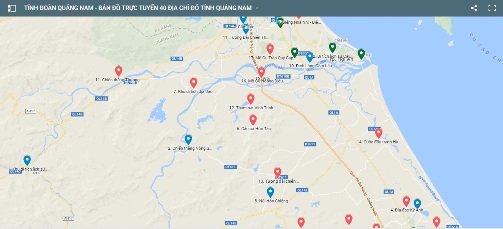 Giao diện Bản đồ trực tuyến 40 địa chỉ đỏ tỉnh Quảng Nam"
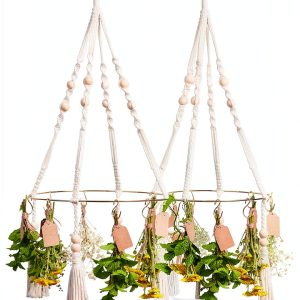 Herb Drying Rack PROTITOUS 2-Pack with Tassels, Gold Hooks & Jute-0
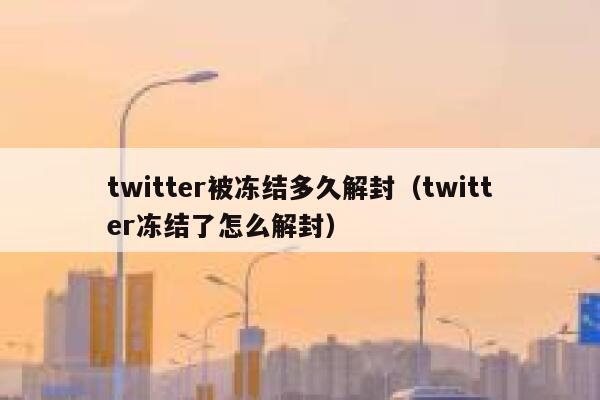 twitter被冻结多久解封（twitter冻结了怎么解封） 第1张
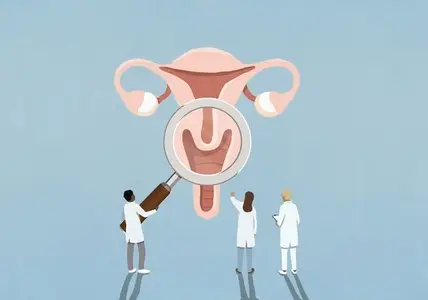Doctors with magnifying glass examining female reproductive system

· · · · · · ·

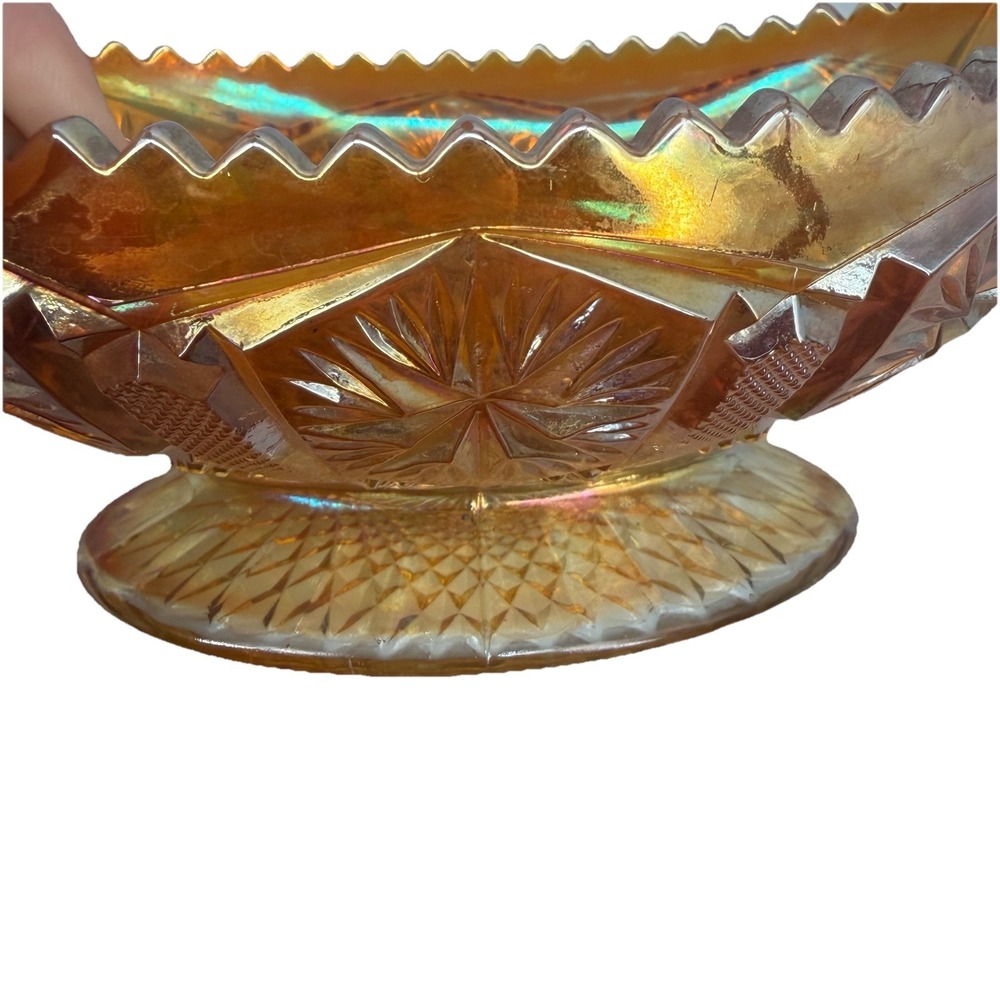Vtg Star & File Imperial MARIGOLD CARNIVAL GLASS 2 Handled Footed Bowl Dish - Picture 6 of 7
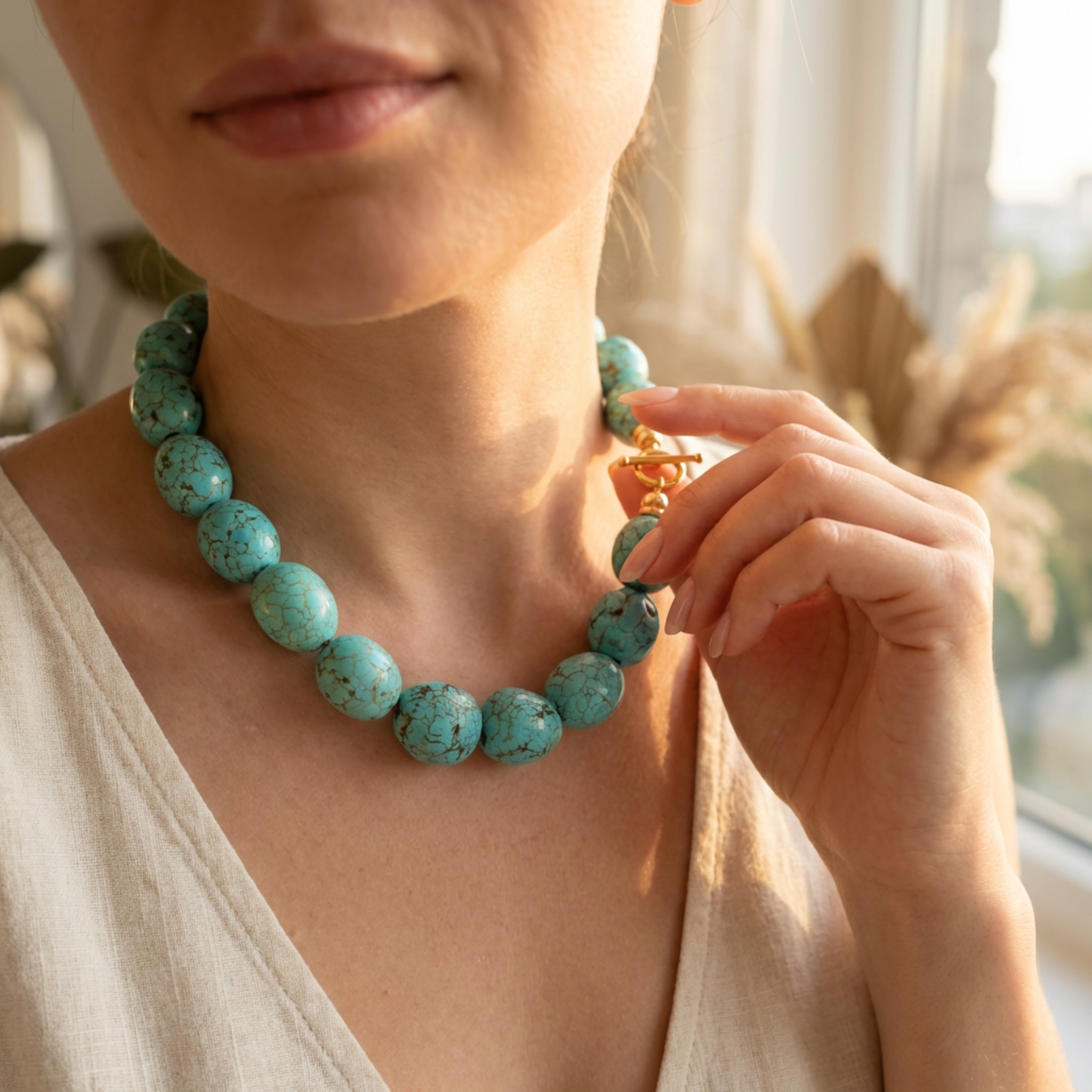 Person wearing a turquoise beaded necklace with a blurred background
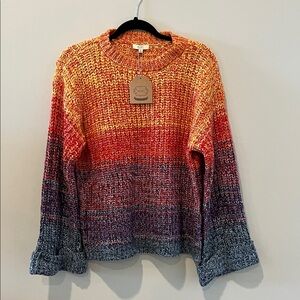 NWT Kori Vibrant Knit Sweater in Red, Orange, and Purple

· · · · · · ·

→ **What is expected**: Transcribe only the lines above that start at the line containing "Vtg Star & File" and end at the line containing "NWT Kori Vibrant". Omit pictures.

→ **Response area**:
Vtg Star & File Imperial MARIGOLD CARNIVAL GLASS 2 Handled Footed Bowl Dish - Picture 6 of 7
 Person wearing a turquoise beaded necklace with a blurred background
 NWT Kori Vibrant Knit Sweater in Red, Orange, and Purple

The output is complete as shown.